This Summary is provided to introduce a selection of concepts in a simplified form that are further described below in the Detailed Description. This Summary is not intended to identify key features or essential features of the claimed subject matter, nor is it intended to be used to limit the scope of the claimed subject matter.

BRIEF DESCRIPTION OF THE DRAWINGS

In the drawings,

FIG. 1 is a diagram of an embodiment showing a system for using conventions in code development.

FIG. 2 is a diagram of an embodiment showing a sequence for using conventions in code development.

FIG. 3 is a flowchart of an embodiment showing a method for using conventions and overrides in code development.

DETAILED DESCRIPTION

A programming environment may infer database objects from memory objects and memory objects from database objects. The inferences may allow a programmer to define objects in one form and use the objects in another form, and the inferences may be stored in a configuration database.

The inferences may be made from a set of conventions that interpret the various objects to create a corresponding object. The set of conventions may be expanded and modified to address different naming conventions, data type interpretations, or other situations. The conventions may produce an entity data model or object-relational mapping of the various objects in a set of code.

The conventions may infer many different items from the source code. These inferences may or may not be what a programmer is expecting. When the conventions infer something that is unexpected or unwanted, the programmer may override or change the inference by using an application programming interface (API).

The overrides or changes may be used to change single instances of a convention. In many cases, a convention may be invoked multiple times when applied to the code, and the programmer may be able to change the effects of the convention in one case but not another.

Throughout this specification, like reference numbers signify the same elements throughout the description of the figures.

When elements are referred to as being “connected” or “coupled,” the elements can be directly connected or coupled together or one or more intervening elements may also be present. In contrast, when elements are referred to as being “directly connected” or “directly coupled,” there are no intervening elements present.

The subject matter may be embodied as devices, systems, methods, and/or computer program products. Accordingly, some or all of the subject matter may be embodied in hardware and/or in software (including firmware, resident software, micro-code, state machines, gate arrays, etc.) Furthermore, the subject matter may take the form of a computer program product on a computer-usable or computer-readable storage medium having computer-usable or computer-readable program code embodied in the medium for use by or in connection with an instruction execution system. In the context of this document, a computer-usable or computer-readable medium may be any medium that can contain, store, communicate, propagate, or transport the program for use by or in connection with the instruction execution system, apparatus, or device.

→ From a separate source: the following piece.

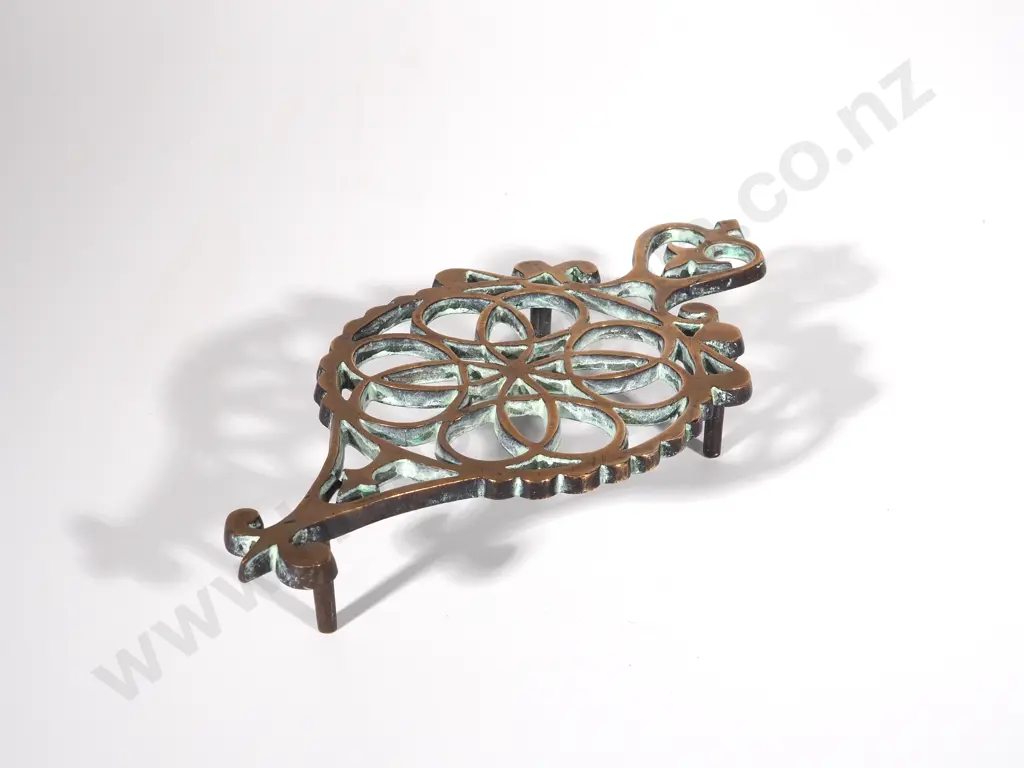 Antique Decorative Brass Trivet Image 1++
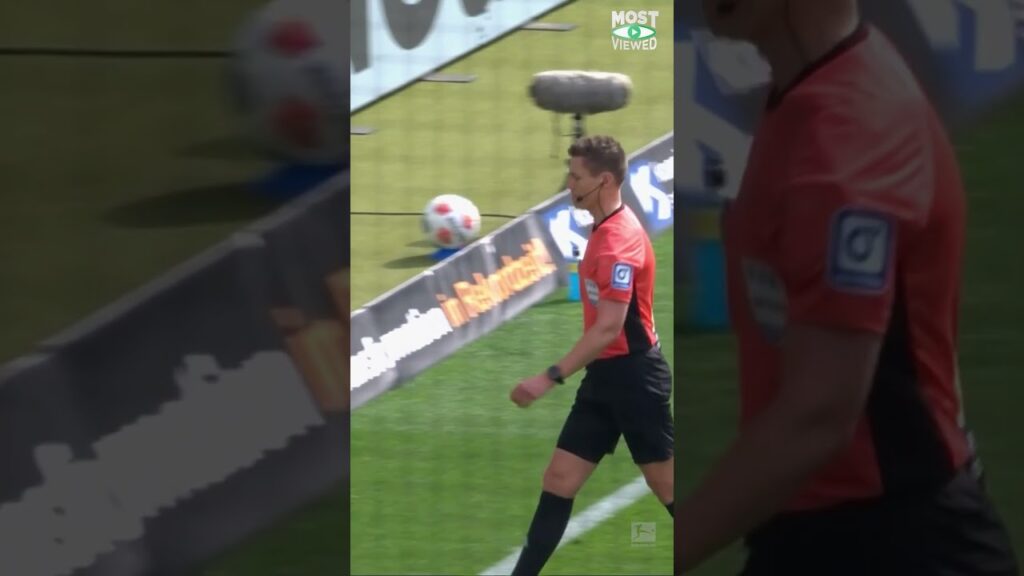 Darf es dafür wirklich Elfmeter geben? | #shorts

The computer-usable or computer-readable medium may be, for example but not limited to, an electronic, magnetic, optical, electromagnetic, infrared, or semiconductor system, apparatus, device, or propagation medium. By way of example, and not limitation, computer readable media may comprise computer storage media and communication media.

Computer storage media includes volatile and nonvolatile, removable and non-removable media implemented in any method or technology for storage of information such as computer readable instructions, data structures, program modules or other data. Computer storage media includes, but is not limited to, RAM, ROM, EEPROM, flash memory or other memory technology, CD-ROM, digital versatile disks (DVD) or other optical storage, magnetic cassettes, magnetic tape, magnetic disk storage or other magnetic storage devices, or any other medium which can be used to store the desired information and which can accessed by an instruction execution system. Note that the computer-usable or computer-readable medium could be paper or another suitable medium upon which the program is printed, as the program can be electronically captured, via, for instance, optical scanning of the paper or other medium, then compiled, interpreted, of otherwise processed in a suitable manner, if necessary, and then stored in a computer memory.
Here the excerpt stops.